>>>>>

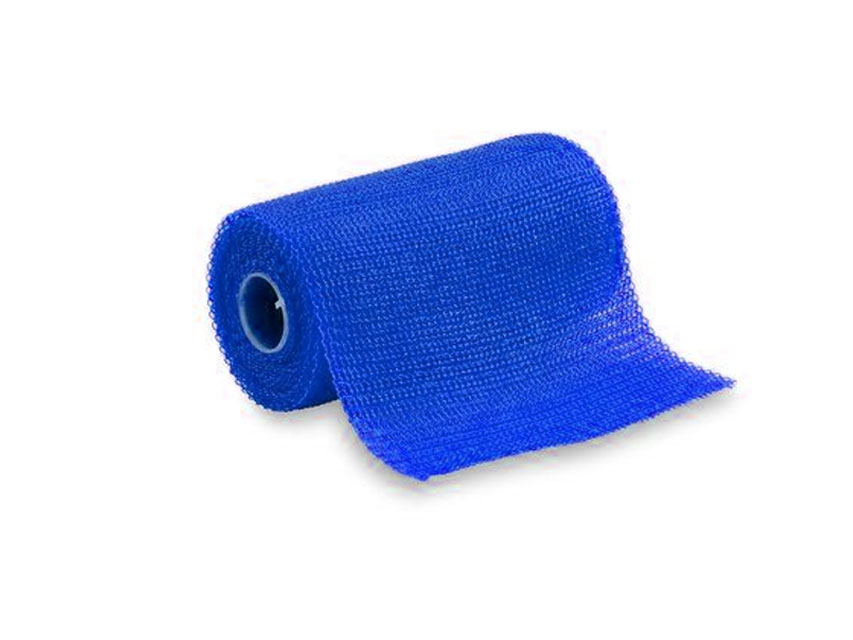 SOFTCAST 3M 10 cm x 3,65 m - albastru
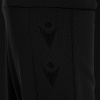 Толстовка тренировочная MACRON TIBER 1/4 ZIP TOP BLACK/WHITE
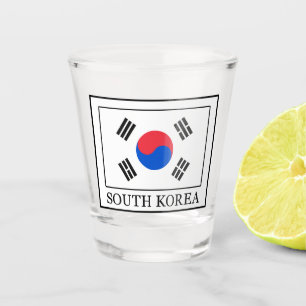 Vaso De Chupito Corea del Sur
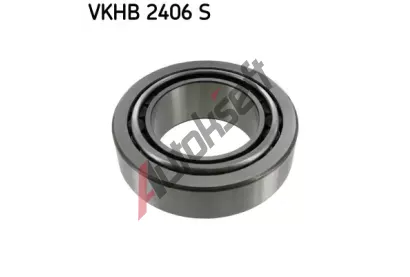 SKF Loisko kola SK VKHB2406S, VKHB 2406 S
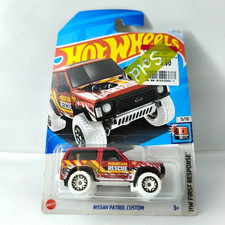 2024 Hot Wheels NISSAN PATROL CUSTOM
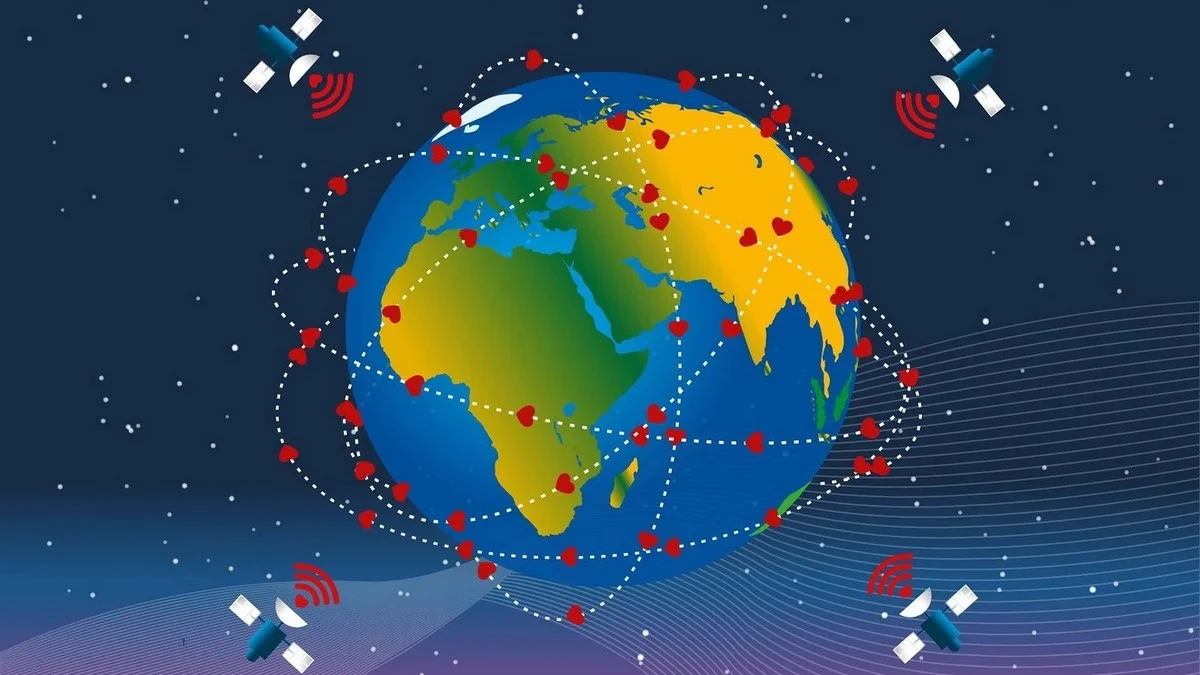 Polacy stworzyli kosmiczną autostradę. "Zmieni globalny internet"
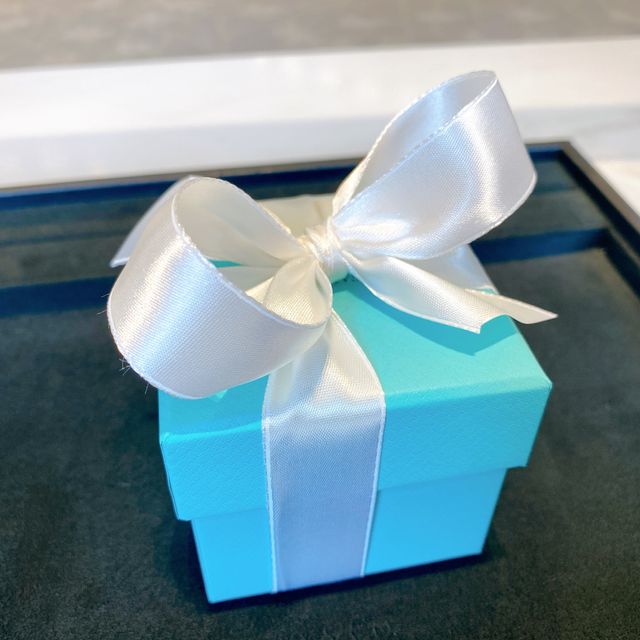【ティファニー(Tiffany & Co.)の口コミ】 結婚指輪は、ダイヤモンドが入っている、シンプルなものをイメージして探…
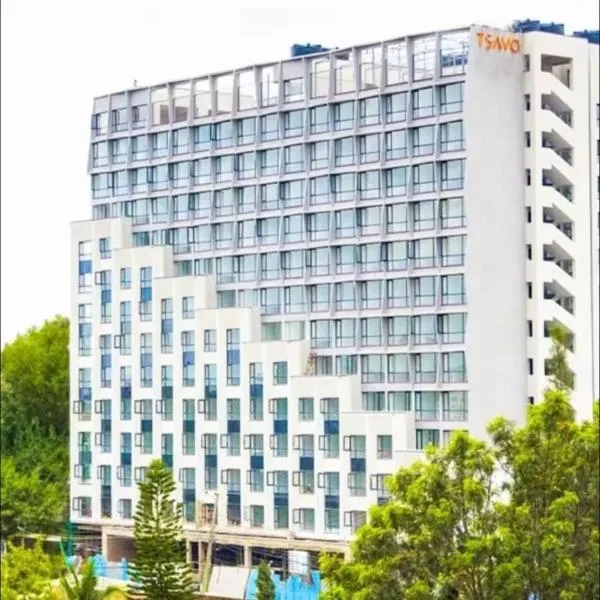 Bliss Apartment Tsavo Fedha near JKIA，位于内罗毕的酒店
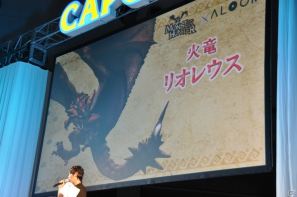 【CAPCOM SUMMER JAM】3DS「モンスターハンター4（フォー）」最新PV公開、発売時期は2013年春予定と発表！USJにて「MH3G」コラボ装備のクエスト先行配信もの画像32
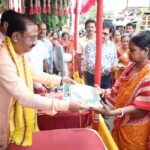 হরিয়ানায় তৃতীয়বারের মতো বিজেপির জয় প্রত্যাশিত : সাংসদ রাজীব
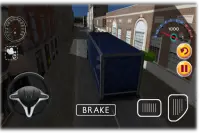 ट्रक ड्राइविंग खेल 3 डी Screen Shot 4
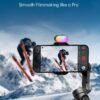 Gimbal Stabilizer Smartphone iPhone Video: iPhone Stabilizer Gimbal Smartphone Foldable 3-Axis Handheld Portable Android Gimbal TikTok YouTube Vlog Recording AOCHUAN Smart XE Series (Smart XE KIT)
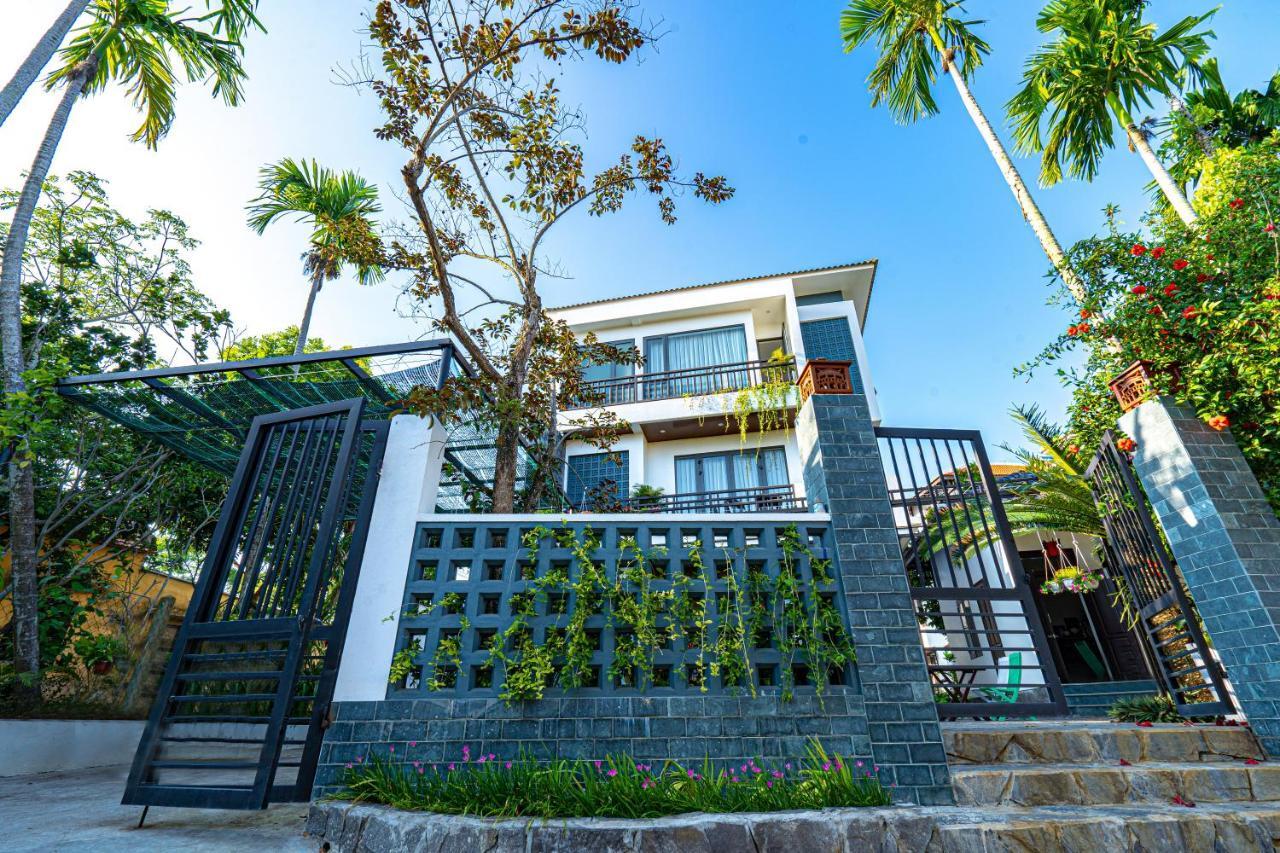 Golden Star Villa 호이안 외부 사진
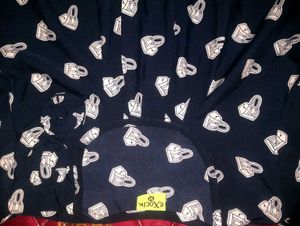 Fancy Tunic Top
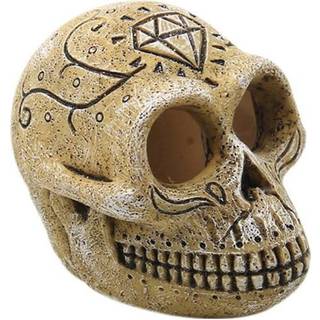 4FISH Skull 7.5x5.5x6 cm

<<<<<

WHAT IS BEING ASKED » Set down all the entries exactly as they appear, but skip any pictures.

SOLUTION TO THIS TASK »
 SOFTCAST 3M 10 cm x 3,65 m - albastru
 Толстовка тренировочная MACRON TIBER 1/4 ZIP TOP BLACK/WHITE
 Vaso De Chupito Corea del Sur
 SKF Loisko kola SK VKHB2406S, VKHB 2406 S
 2024 Hot Wheels NISSAN PATROL CUSTOM
 Polacy stworzyli kosmiczną autostradę. "Zmieni globalny internet"
【ティファニー(Tiffany & Co.)の口コミ】 結婚指輪は、ダイヤモンドが入っている、シンプルなものをイメージして探…
 Bliss Apartment Tsavo Fedha near JKIA，位于内罗毕的酒店
 【CAPCOM SUMMER JAM】3DS「モンスターハンター4（フォー）」最新PV公開、発売時期は2013年春予定と発表！USJにて「MH3G」コラボ装備のクエスト先行配信もの画像32
 হরিয়ানায় তৃতীয়বারের মতো বিজেপির জয় প্রত্যাশিত : সাংসদ রাজীব
 ट्रक ड्राइविंग खेल 3 डी Screen Shot 4
 Gimbal Stabilizer Smartphone iPhone Video: iPhone Stabilizer Gimbal Smartphone Foldable 3-Axis Handheld Portable Android Gimbal TikTok YouTube Vlog Recording AOCHUAN Smart XE Series (Smart XE KIT)
 Golden Star Villa 호이안 외부 사진
 Fancy Tunic Top
 4FISH Skull 7.5x5.5x6 cm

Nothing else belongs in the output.